Copy the data exactly from the line that contains "Blow up float" through the line that contains "Church member welcoming", keeping both end lines and leaving out everything else.

Records provided ::
══════════════════════════════
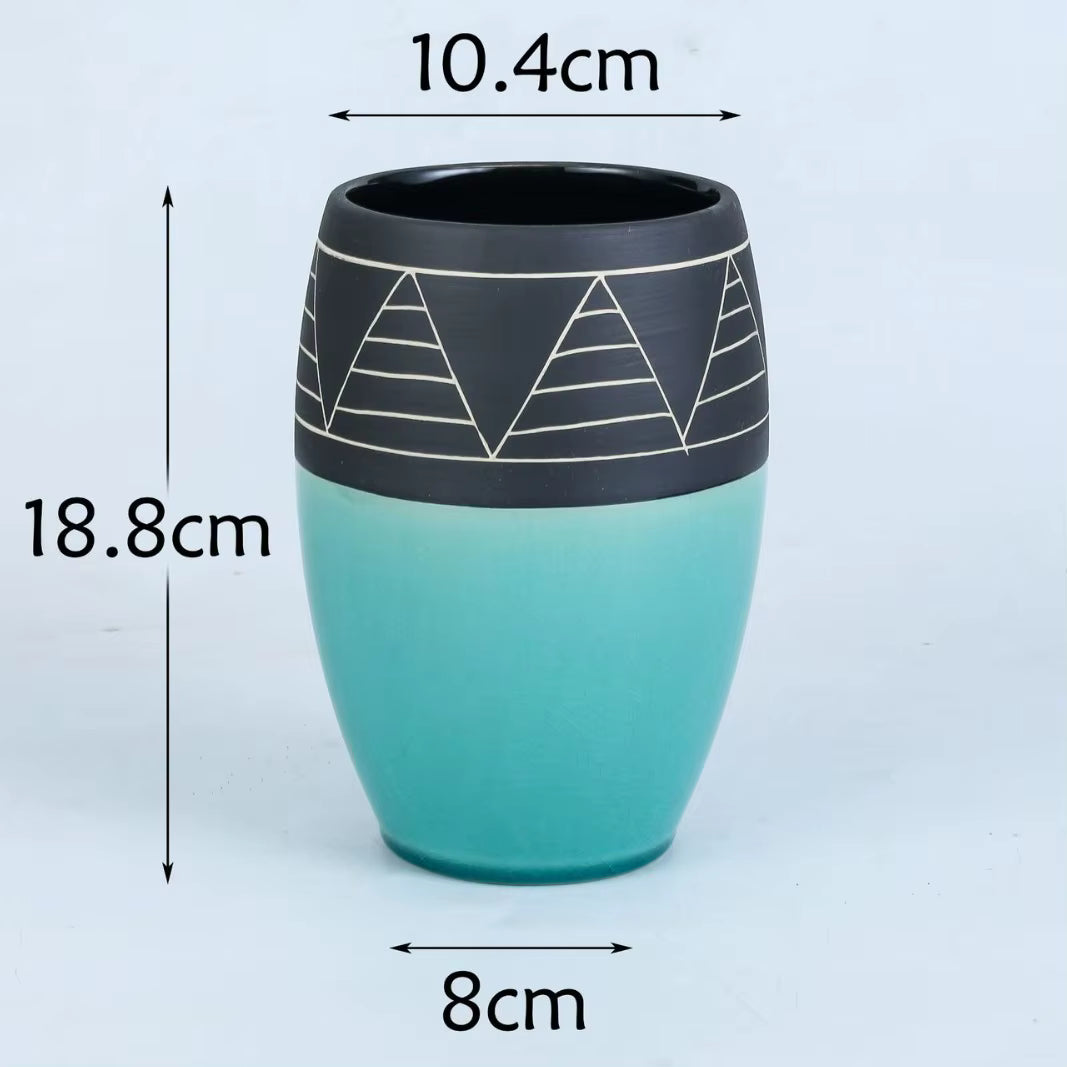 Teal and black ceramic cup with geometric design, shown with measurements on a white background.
══════════════════════════════
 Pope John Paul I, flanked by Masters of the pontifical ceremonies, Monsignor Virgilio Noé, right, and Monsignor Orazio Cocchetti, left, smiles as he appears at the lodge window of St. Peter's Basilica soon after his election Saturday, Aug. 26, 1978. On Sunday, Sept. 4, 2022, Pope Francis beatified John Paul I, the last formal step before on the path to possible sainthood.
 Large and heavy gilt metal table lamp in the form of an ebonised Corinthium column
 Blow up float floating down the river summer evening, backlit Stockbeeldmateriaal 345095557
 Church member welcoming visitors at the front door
══════════════════════════════
Output of the task ::
 Blow up float floating down the river summer evening, backlit Stockbeeldmateriaal 345095557
 Church member welcoming visitors at the front door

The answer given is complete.